This makes doing proper version control of notebooks almost impossible - merging two notebooks that have diverged is possible, but it’s dicey.

Moving source code out of notebooks allows multiple notebooks to all import the same function. Reuse of code is a basic lesson from software engineering that all data scientists should learn. Duplication of code is inefficient at the best of times, dangerous at the worst.

Moving source code out of notebooks is not refactoring - refactoring is the process of restructuring code, without changing behaviour. This process of restructuring code is iterative - production code is likely to have gone through multiple refactors before it’s used in the wild.

How many iterations of refactoring your source code should go through depends on the project - work spent refactoring research code that is thrown away may not be a good use of time.

We would expect the following steps to be taken in most projects:

start out developing code inside notebooks,
then move source code into Python scripts,
finally one iteration of refactoring to improve code quality.

Clean

Computer programs often generate hidden files when they run.

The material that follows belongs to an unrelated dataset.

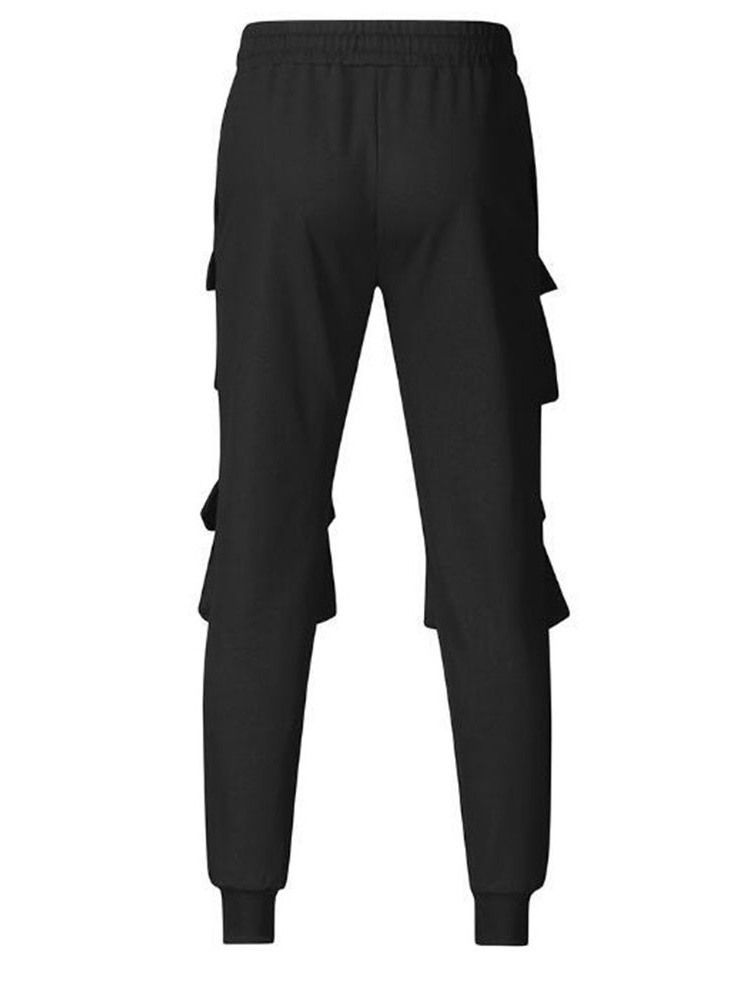 Pantalon Décontracté À Lacets Uni À Poche Pour Hommes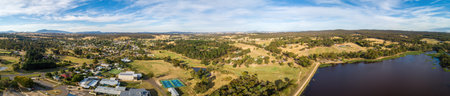 Wide aerial panorama of Beaufort township and lake. Scenic Australian countryside.の写真素材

These files can be used as caches to speed up programs (such as Python’s .pyc files) or used to backup the state of a program (such as Jupyter’s .ipynb_checkpoint). .pyc files can be particularly dangerous - they can store information you do not want to share with the world, such as AWS credentials.

A clean project should not contain any of these files - they are trash. Including them as part of a repository is messy at best, dangerous at worst. Common trash files that make it into data science project repositories include:

__pycache__ directories & .pyc files
.ipynb_checkpoints
.DS_Store

The solution to not checking in these files is to use a .gitignore file - git will not allow you to check in files that match the patterns. A useful starter template for data science is:

.gitignore

**/*.DS_Store
**/*.pyc
**/*.swp
**/*.ipynb_checkpoints
**/*.pyc
**/__pycache__
**/.pytest_cache
.egg
.egg-info
dist

You can also include in this .gitignore any project specific files or folders that are generated when code is executed - for example if your project creates a folder data, add this to the .gitignore so that you users don’t accidentally check this in.

Another tip - it can be useful to setup a global .gitignore, that git will use in all your projects. Below we tell git to also use the file ~/.gitignore, on top of any local project .gitignore:

$ git config --global core.excludesfile ~/.gitignore

We would still recommend including a .gitignore with your project, for the benefit of users who don’t have a global .gitignore setup, and to include project specific patterns to ignore.

Another source of problems is including spaces in file names - file names should not contain spaces. Spaces in file names cause all sorts of issues, one being autocomplete on the command line. Instead of spaces consider using a - or _ to separate words.

Small

Text files are small - typical Python scripts are on the order of 10 KB. A data science repository should also be small in size. Cloning a data science repository should be fast - if cloning your repository is slow, this is a sign that you have checked in large files in the past.

Key to keeping your repository size under control is to not check in large files - especially data, such as CSVs. Data should rarely be in a git repository. Remember that git works by keeping a copy of every file you ever check in - if you slightly adjust your 100 MB data.csv file three times, all of a sudden your git repository size has blown up from KB to almost half a GB!

If you do need to get data to your users (and you likely will to make your project reproducible), it’s better to provide a way for your users to download it themselves - two options include a public S3 bucket (read only!) or a Google Drive download link.

Reproducible

Reproducibility is the foundation of scientific progress - work that can’t be repeated is discredited. Reproducibility of a data science project means that your users can access all of the following:

data
source code
Python interpreter & package versions
model training artifacts

Getting your users the data they need to run your code is one part of making your project reproducible. As mentioned above, give your users the ability to download this themselves, so that you can keep data separate from source code. Getting source code to your users is easy in the age of Github.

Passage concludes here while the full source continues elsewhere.